ADR-0006: Gateway & Tool-Level Rate Limiting¶

Status: Accepted
Date: 2025-02-21
Deciders: Core Engineering Team

Context¶

The MCP Gateway may serve hundreds of concurrent clients accessing multiple tools. Without protection, a single client or misbehaving tool could monopolize resources or overwhelm upstream services.

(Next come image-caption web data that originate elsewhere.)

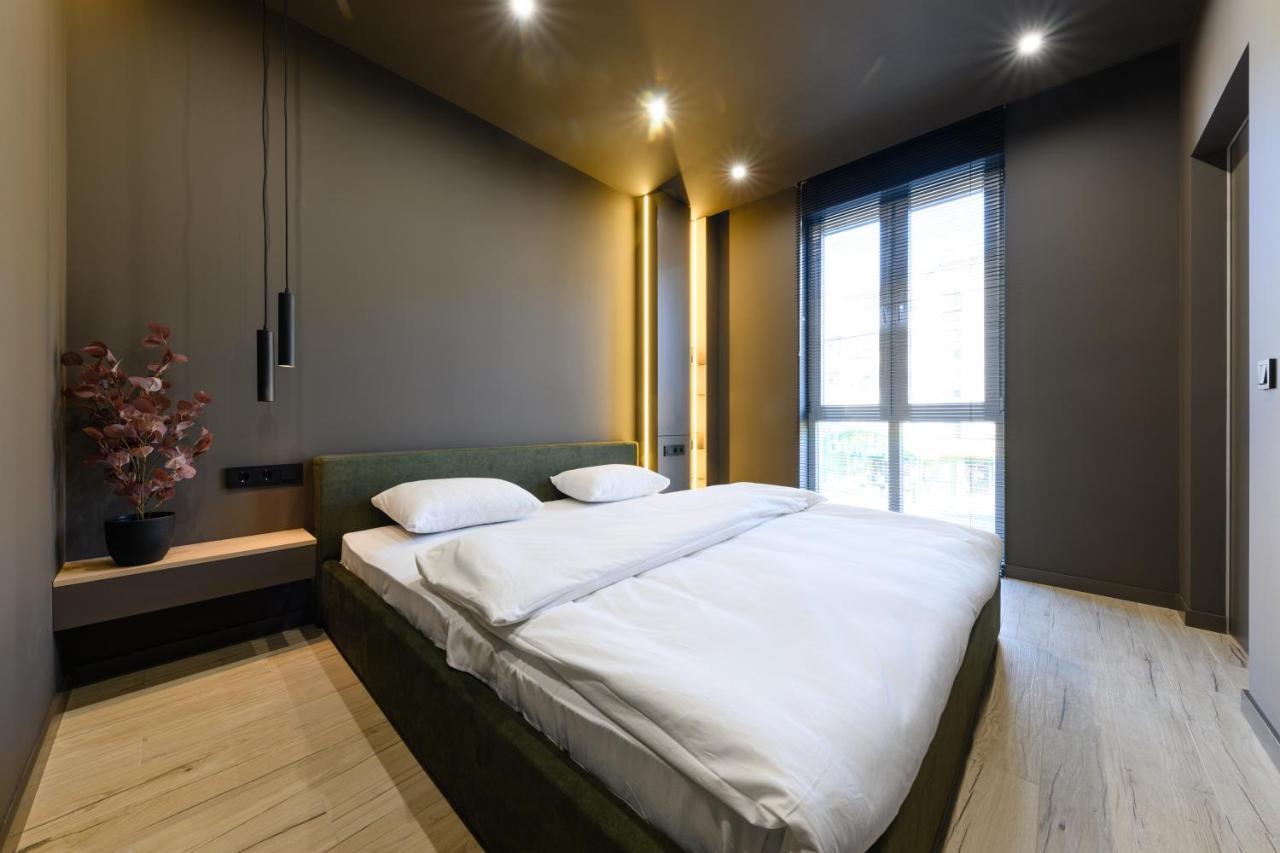 Luxury Apartments-Belochka Uschhorod Exterior foto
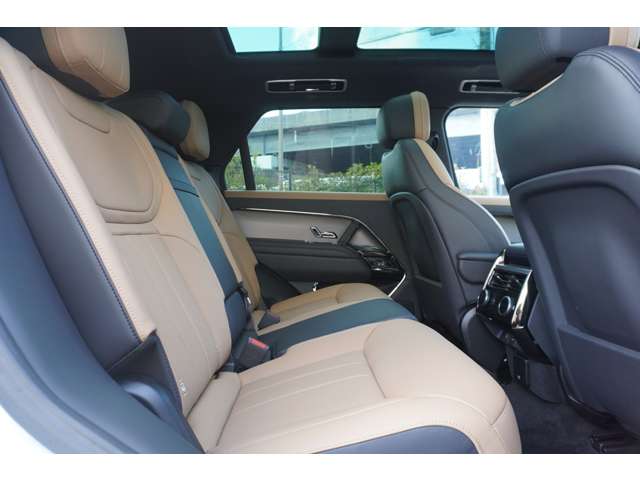 ランドローバー レンジローバー スポーツ ダイナミック ＨＳＥ ３．０Ｌ Ｄ３００ ディーゼルターボ ４ＷＤ R5年 (近畿) 99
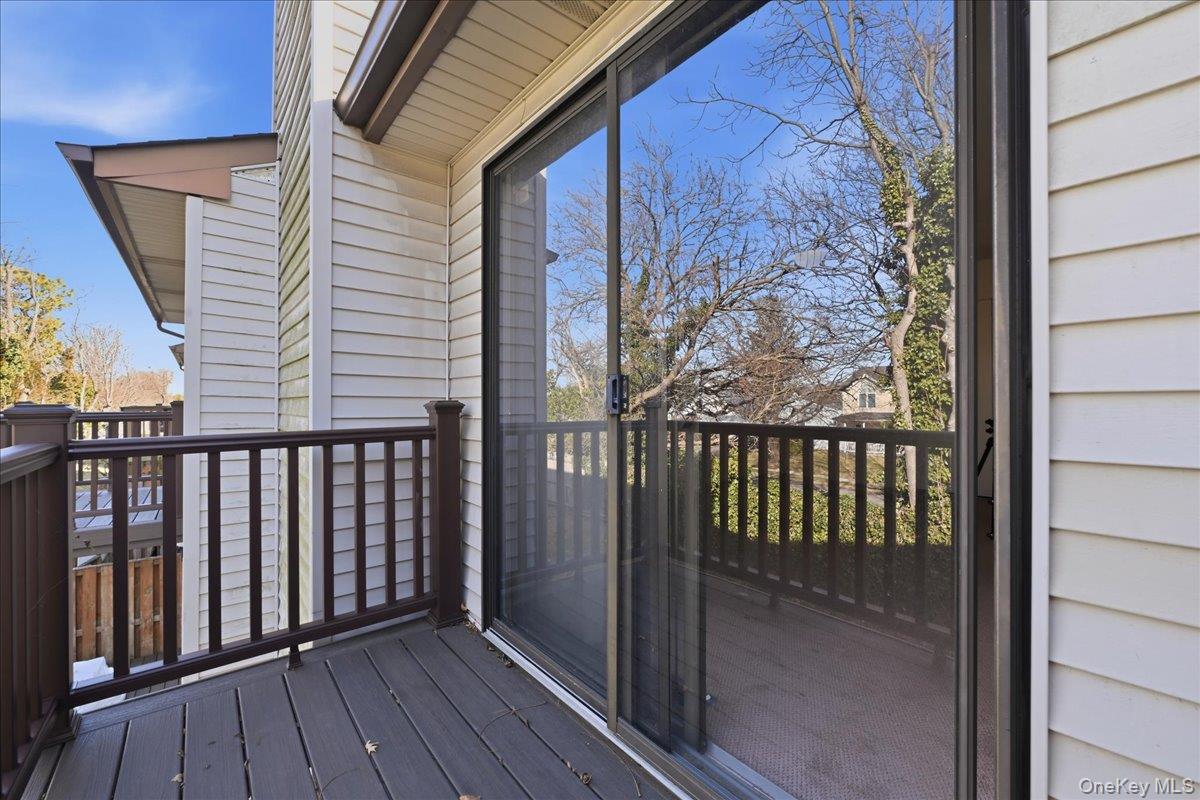 132 Laurel Lane, Wantagh, NY 11793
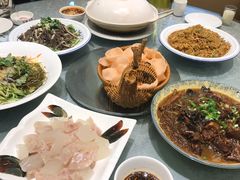 -老码头黑皮肘子锅包肉(赣水路店)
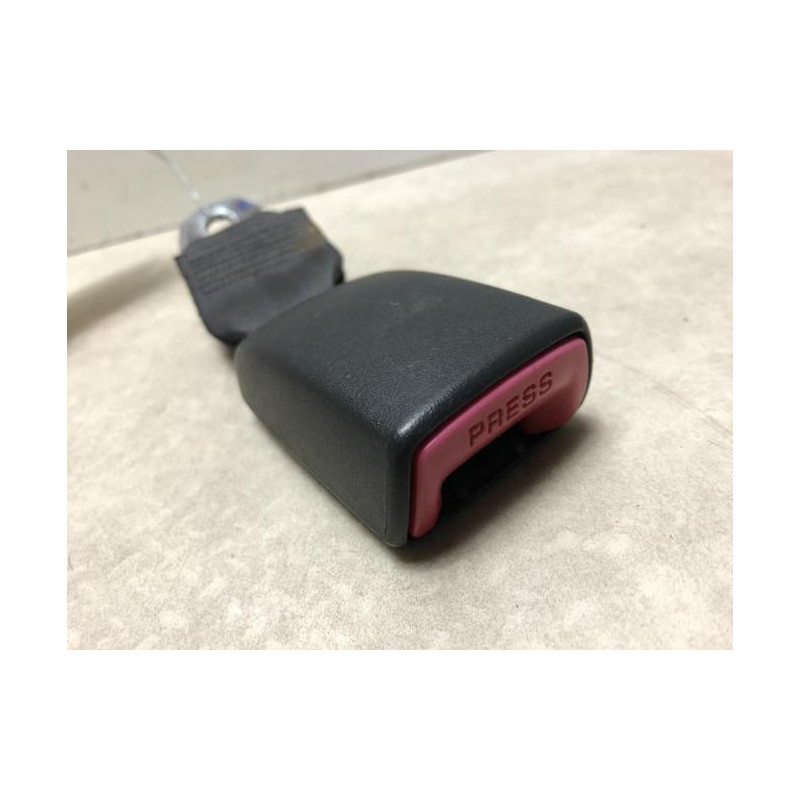 Attache ceinture arriere gauche SUZUKI SWIFT 3 d’occasion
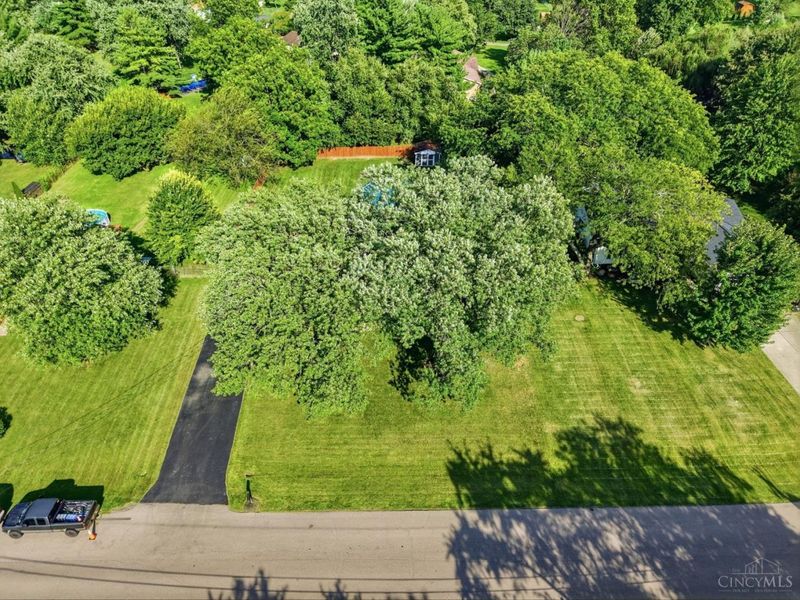 8762 Monticello Dr, West Chester, OH 45069 Photo 3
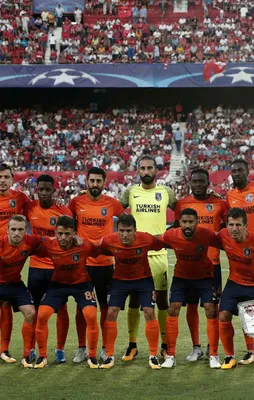 Başakşehir turu Sevilla'ya kaptırdı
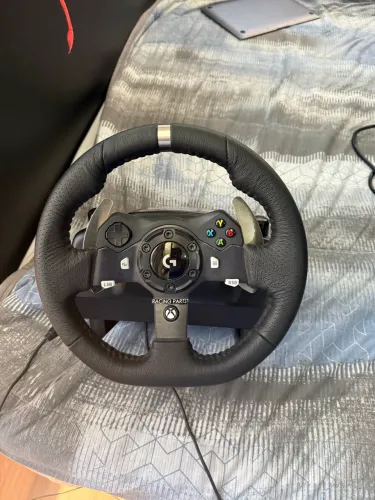 Volante e pedal logitech G29 Xbox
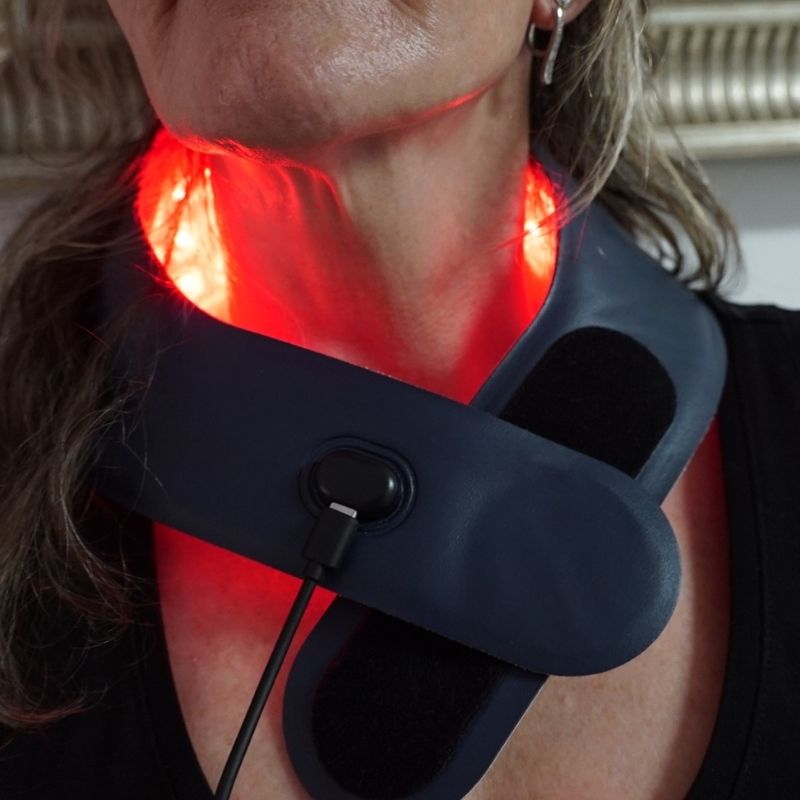Red_Light_Therapy_for_Neck_From_Front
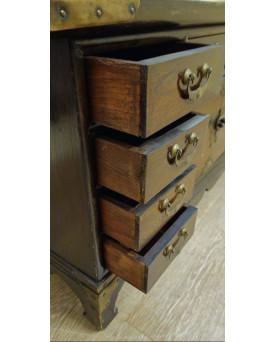 Le village de 58 brocanteurs - Meuble d’apparat / buffet bas d’inspiration asiatique – Bois massif et ferrures en laiton doré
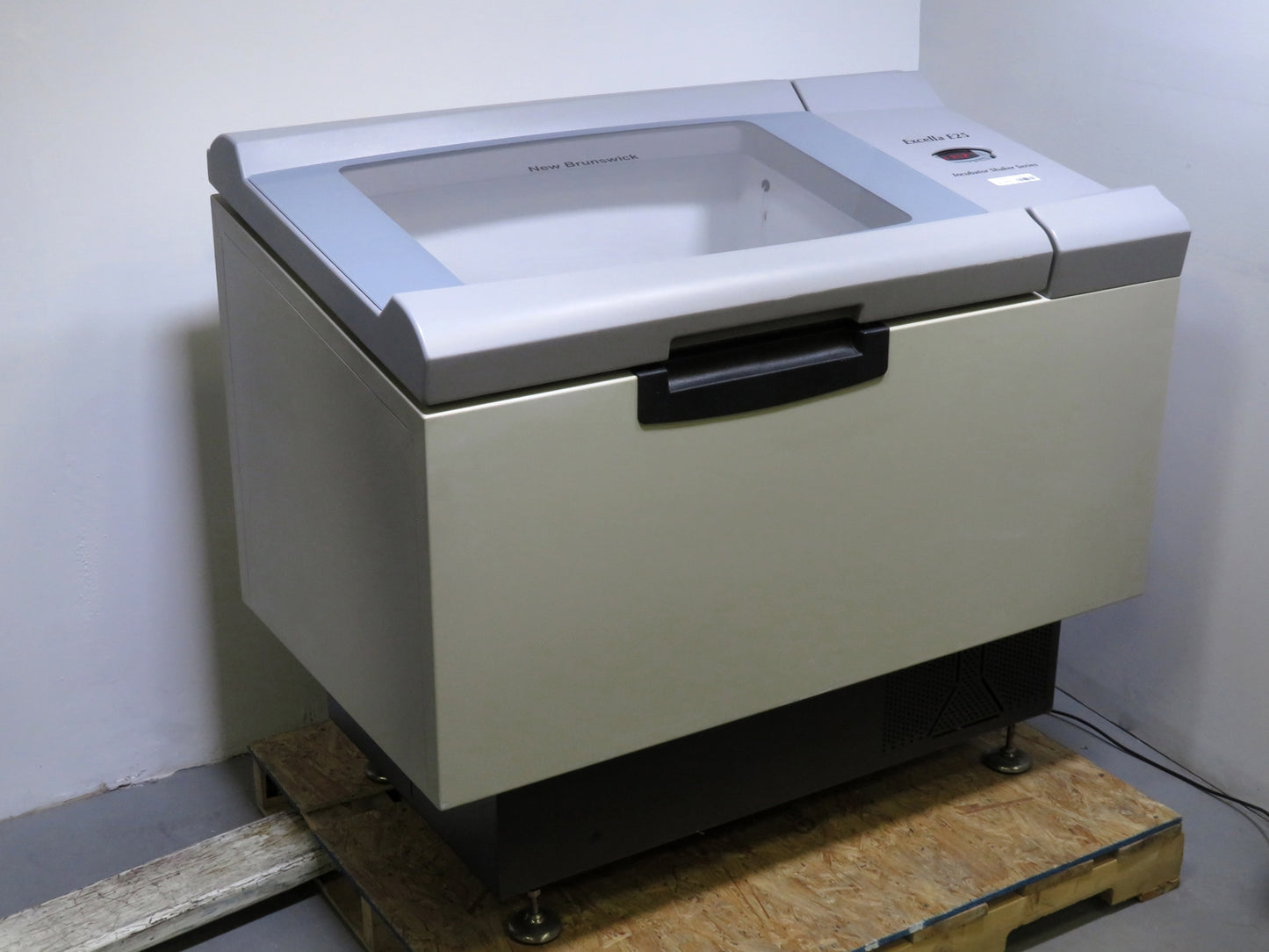 New Brunswick Excella E25 Incubator Shaker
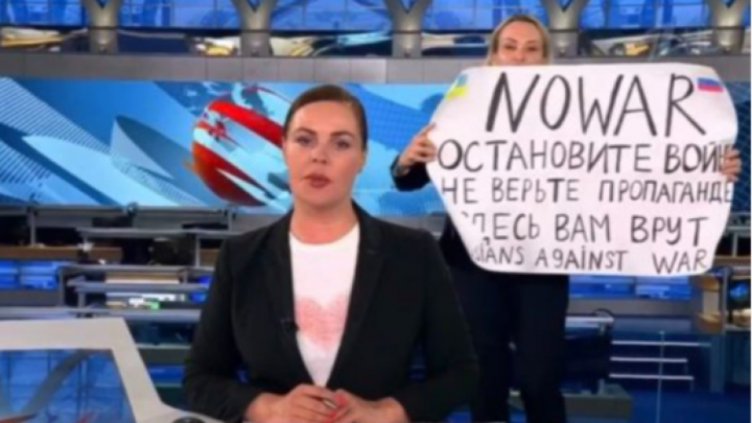 Руска журналистка в ареста: Нахлу в ефир с плакат срещу войната на Путин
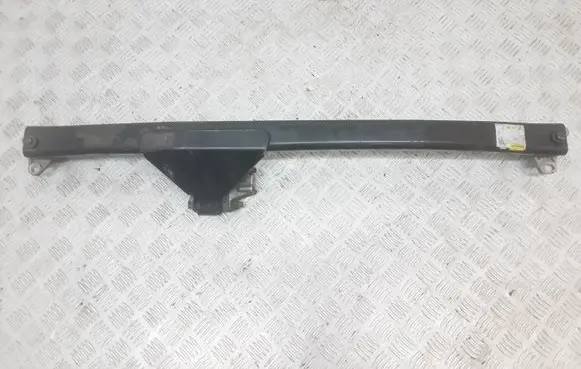 Volvo XC70 Engine mounting bracket 30671357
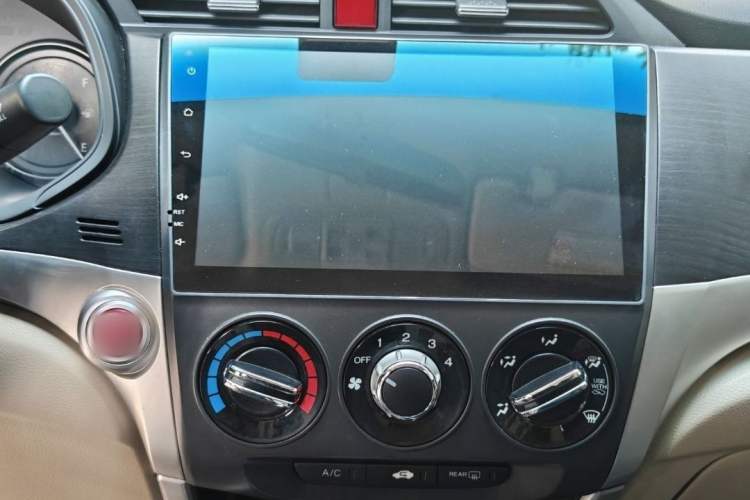 Used Honda Crider 2016 1.8L CVT Luxury Edition Interior 5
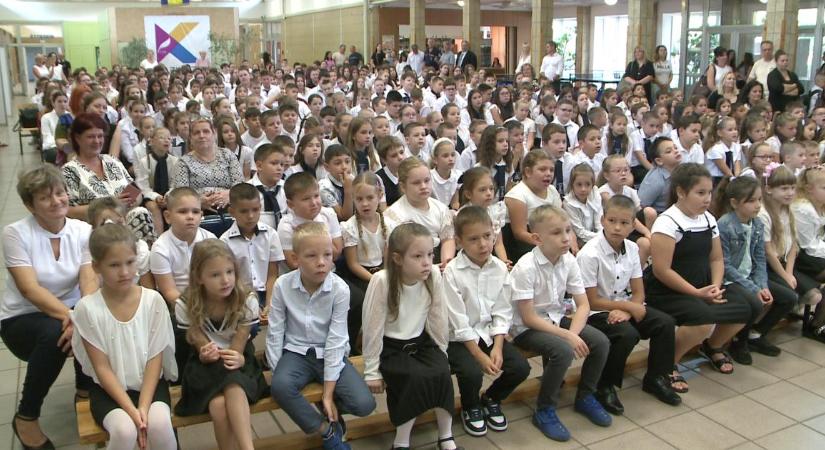 Debrecenben is becsöngettek a tanév első napján – videóval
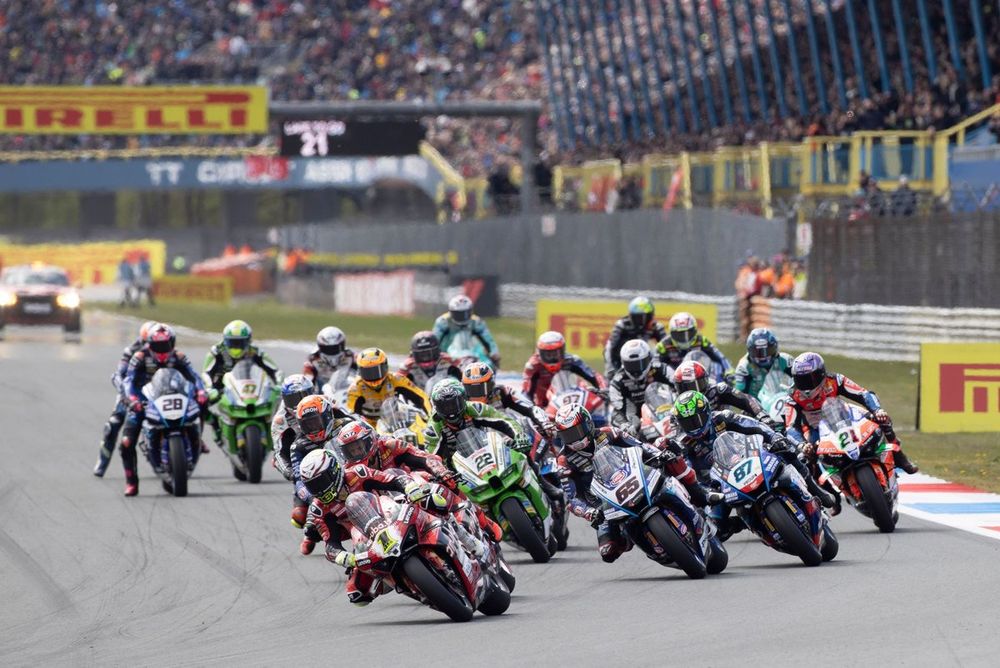 Alvaro Bautista, Aruba.It Racing - Ducati, Nicolo Bulega, Aruba.It Racing  Ducati, Andrea Locatelli, Pata Yamaha WorldSBK, Remy Gardner, GRT Yamaha WorldSBK Team, Jonathan Rea, Pata Yamaha WorldSBK, Race start,  Race2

The configuration includes:

TOOL_RATE_LIMIT: default limit in requests/min per tool/client
Planned support for Redis-based or database-backed counters

Current implementation is an in-memory token bucket.

Decision¶

Implement a rate limiter at the tool invocation level, keyed by:

Tool name
Authenticated user / client identity (JWT or Basic)
Time window (per-minute by default)

Backend options:

Memory (default for dev / single instance)
Redis (planned for clustering / shared limits)
Database (eventually consistent fallback)

Consequences¶

✅ Prevents abuse, controls cost, and provides predictable fairness
📉 Failed requests return 429 Too Many Requests with retry headers
❌ Memory backend does not scale across instances; Redis required for HA
🔄 Optional override of limits via config/env for testing

Alternatives Considered¶

Option	Why Not
No rate limiting	Leaves gateway and tools vulnerable to overload or accidental DoS.
Global rate limit only	Heavy tools can starve lightweight tools; no fine-grained control.
Proxy-level throttling (e.g. NGINX, Envoy)	Can't distinguish tools or users inside payload; lacks granularity.

Status¶

Rate limiting is implemented for tool routes, with TOOL_RATE_LIMIT as the default policy.